Yes, that is the primary motivation/intent of The type C connector and USB-C/TB.
It’s still early days so compatibility isn’t super yet, as this discussion shows. Also, being USB, there are many possible subsets and no such thing as a “universal cable”. The silicon is still immature and the analog issues are fiendishly complex.
The cheapo vendors will implement the minimal standard (or less). The higher end devices will be more compliant, but bugs remain (as I said, still early days).
But last year I switched to buying type C devices whenever I had the choice (even electric toothbrush) and so far it’s been fine.
The one thing I would say about he magnetic connection is that it works great when its sitting on your desk but not an ideal solution if you want to have the laptop in your lap; the magnet isn't strong enough for a lot of wiggling around. Not a real issue anyway since most TB3 cables are 1M or less so you're forced to have your laptop on a desk anyway.
Yep! As long as each PC is setup with all the necessary drivers and such its all plug and play. No issues with just ripping the cable out of my MacBook without "undocking" anything. It just reverts to the internal display without issues.
I kind of wish there were manual/dumb TB3 switches for this sort of thing but I have not seen any.
You're not ejecting the external SSD before disconnecting?
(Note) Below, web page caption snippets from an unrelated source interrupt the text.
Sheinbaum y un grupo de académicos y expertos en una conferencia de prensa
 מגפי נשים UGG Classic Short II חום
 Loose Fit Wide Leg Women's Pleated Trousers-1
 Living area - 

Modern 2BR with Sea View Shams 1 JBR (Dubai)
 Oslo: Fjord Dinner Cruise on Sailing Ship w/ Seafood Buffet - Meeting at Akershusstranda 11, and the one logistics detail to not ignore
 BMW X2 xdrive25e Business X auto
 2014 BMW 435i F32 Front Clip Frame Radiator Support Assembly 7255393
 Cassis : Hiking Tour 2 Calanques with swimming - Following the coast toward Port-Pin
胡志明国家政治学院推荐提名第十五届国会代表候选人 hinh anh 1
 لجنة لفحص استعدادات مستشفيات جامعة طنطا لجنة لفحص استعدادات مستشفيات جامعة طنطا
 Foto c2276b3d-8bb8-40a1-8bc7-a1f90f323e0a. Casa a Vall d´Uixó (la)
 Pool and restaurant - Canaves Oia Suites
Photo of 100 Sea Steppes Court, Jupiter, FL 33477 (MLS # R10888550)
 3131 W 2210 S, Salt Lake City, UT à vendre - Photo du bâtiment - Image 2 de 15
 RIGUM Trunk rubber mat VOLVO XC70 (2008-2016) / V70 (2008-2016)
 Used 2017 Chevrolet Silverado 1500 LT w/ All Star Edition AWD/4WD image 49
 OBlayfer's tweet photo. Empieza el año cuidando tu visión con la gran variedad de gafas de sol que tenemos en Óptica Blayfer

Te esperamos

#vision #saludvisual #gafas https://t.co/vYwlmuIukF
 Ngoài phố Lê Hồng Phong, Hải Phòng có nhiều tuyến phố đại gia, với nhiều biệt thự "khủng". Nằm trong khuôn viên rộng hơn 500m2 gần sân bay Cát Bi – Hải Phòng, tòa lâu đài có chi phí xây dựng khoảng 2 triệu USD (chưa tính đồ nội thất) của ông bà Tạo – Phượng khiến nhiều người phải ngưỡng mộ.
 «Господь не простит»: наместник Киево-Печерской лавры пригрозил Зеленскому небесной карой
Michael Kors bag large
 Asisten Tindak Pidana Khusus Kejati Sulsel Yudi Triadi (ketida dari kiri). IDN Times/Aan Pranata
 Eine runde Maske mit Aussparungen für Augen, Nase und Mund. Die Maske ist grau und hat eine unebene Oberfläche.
I have a TB2 dock which I connect to using Apple's TB3 to TB2 adapter. I keep my Time Machine backup drive connected to the dock (along with 4K monitor, keyboard, mouse, and speakers). If I don't eject the drive before disconnecting from the dock, macOS complains about disconnecting the drive without ejecting it first.
I ended up buying Jettison (https://stclairsoft.com/Jettison/) to handle auto ejecting on sleep and remounting on wake (in particular, I have a PCIe SSD in my Mac Pro which macOS considers an external drive, rightly so, but still).
Yeah. This is probably not the best thing to do and I do get the warning about not having disconnected the gpu and ssd properly but Ive never once experienced an actual problem from doing so (hundreds of times). No corrupted data or anything. But the SSD is mainly for photos/videos not time machine backups.
One more question — those magnetic connections, can it connect both ways? What I mean it, cable running away in either direction or is it orientation specific?
I do this between my Thinkpad (work) and XPS (personal) laptops. Takes only a few seconds to unplug the cable from from one, and plug in the other, with all peripherals working. IOW, there's no Apple magic here, standards are pretty cool.
With TB — can you literally just unplug from one Laptop/PC and connect to another and everything is back up and running on the 2nd computer?